A truck bomb attack Oct. 14 in the capital city of Mogadishu killed more than 500 civilians and demonstrated the al-Qaida-linked group's ability to stage a large-scale attack, despite an intensive military offensive against them.
Keating said defeating the group requires both a military and political strategy and serious efforts to address issues that terrorists exploit, such as corruption and the lack of jobs and education opportunities for youth.
The more than 22,000-strong African Union force, known as AMISOM, receives a logistical support package from the United Nations, and gets additional funding from the European Union.
"AMISOM's continued presence will therefore be essential," Keating said. "Premature drawdown of AMISOM forces will be a gift to al-Shabab and risks undermining the gains that have been made, at great human and financial cost, over the last decade."
But Keating acknowledged that it is not viable for the force to stay indefinitely, and said the Somali security sector needs to prepare for a gradual handover of responsibility.
Somalia's U.N. envoy, Abukar Dahir Osman, urged council members to ease the arms embargo in place for more than two decades on the country.
"The existing arms embargo framework on Somalia is a major obstacle to an effective implementation of our ambitious security sector reform," Osman said.
The government has previously argued that the embargo needs to be fully lifted so the army can get the heavy weapons it needs to defeat al-Shabab.

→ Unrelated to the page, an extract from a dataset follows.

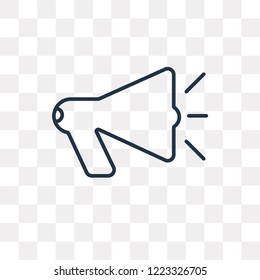 Loudspeaker vector outline icon isolated on transparent background, high quality linear Loudspeaker transparency concept can be used web and mobile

Keating also warned of potential violence between two autonomous regions in the country.
"There is a serious danger that long-standing disputes between Puntland and Somaliland, and in particular an armed standoff in Sool, could erupt into violence in the coming days, with potentially grave consequences," he said.
Both regions claim Sool as their own, which has previously led to violence.
The country is also grappling with a severe humanitarian crisis. Persistent drought and conflict have left 6.2 million people in need of assistance. More than 2 million people have been displaced from their homes.
"The risk of famine still looms," Keating warned.
The U.N. is seeking $1.6 billion to cope with the crisis this year.